Indeed, and yes, one of the first steps in postprocessing of Geant4 (MaGe) output should be generation of realistic time stamps (given event rate parameters as additional input data). That way, we can also simulate things like pile-up, and test the ability of our analysis chain to deal with it.

We have found that clustering is a very useful process for PSS, where you merge nearby steps.

Yes, clustering is definitely another pre-processing step, like shown in the LEGEND Julia tutorial. Though we're now also looking into clustering less, for SSD, to have more detailed charge clouds when simulating charge-cloud self-interaction (still early days, and does of course come with a computational cost).

We also discussed the need to propagate MC truth values.

Yes, we're spoken quite a bit about this in the last pulse-sim call. Mariia and other are currently figuring out what exactly we need to propagate and in which data tiers.

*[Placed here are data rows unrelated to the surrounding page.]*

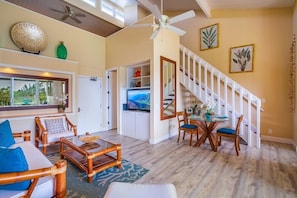 Relax in this spacious living area with a high ceiling and ceiling fan. Enjoy the view of lush greenery from the large window and dine at the table with chairs.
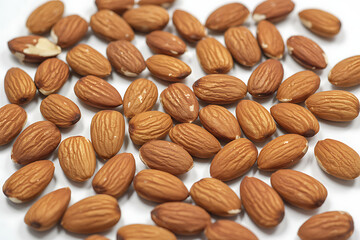 Pile of raw almonds scattered on a white surface isolated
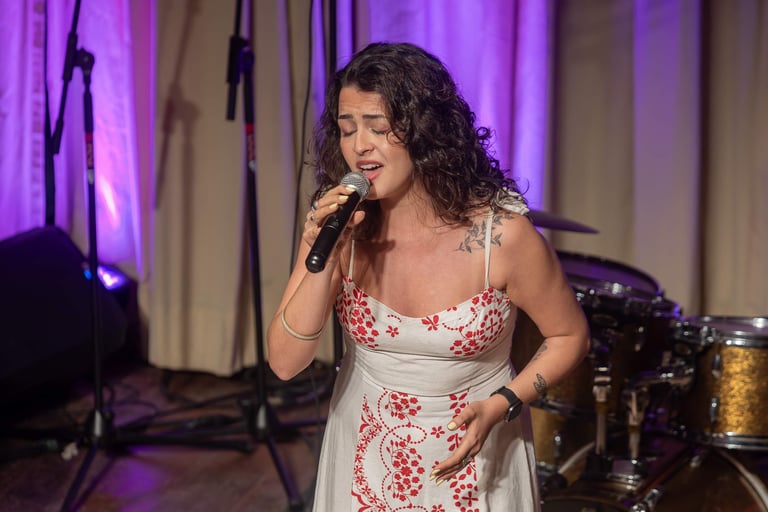 a woman in a white dress singing into a microphone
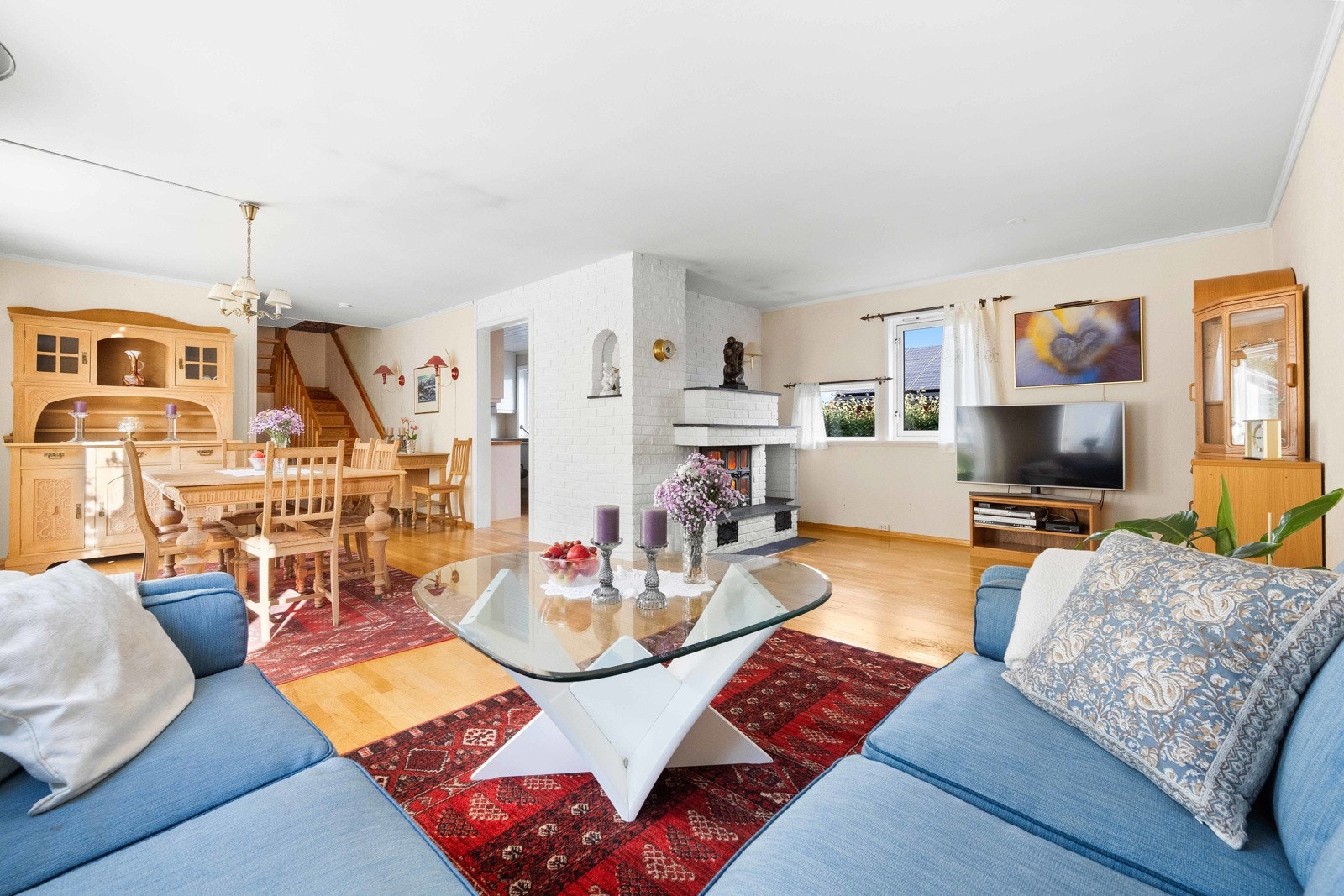 Stuen oppleves som et sosialt oppholssrom med naturlig plass til både sofagruppe, spisebord og annet ønskelig møblement Galleribilde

At some stage we also need to add energy adjustments

Depending on whether the pulse-sim package accounts for this already (we're trying to teach SSD to do dead-layer effects, and I thing siggen can already do this to some extent), there should definitely a step of optional heuristics like that. Depending on how it's done (on the energy of waveform), it'll need to happen directly before or after pulse simulation, so ideally this will really be part of the pulse-sim packages themselves or the legend-specific wrapper code we'll use to call them.

sagitta42 commented 3 years ago

I guess we should update this :)

Currently used names are: g4s->stp->pss->(mc)raw. Maybe we could change g4s or g4 in the current code to dep or something (meaning, energy depositions), since, if I got it right, one could also use MaGe output as input to SSD or siggen.

oschulz commented 3 years ago

Yes, it shouldn't be something software/product specific, like g4 is

sagitta42 commented 1 year ago

This is quite outdated now. The current format uses three-letter names as in data processing: pet->stp->pss->raw.

pet stands for "position-energy-time" to not be specific to input (g4simple, MaGe, mpp).

The rest are the same as discussed here, and raw is simply raw - also because this way the hdf5 file with the field raw can be directly plugged into build_dsp or otherwise be processed with any DSP tools we currently have that work for data raw.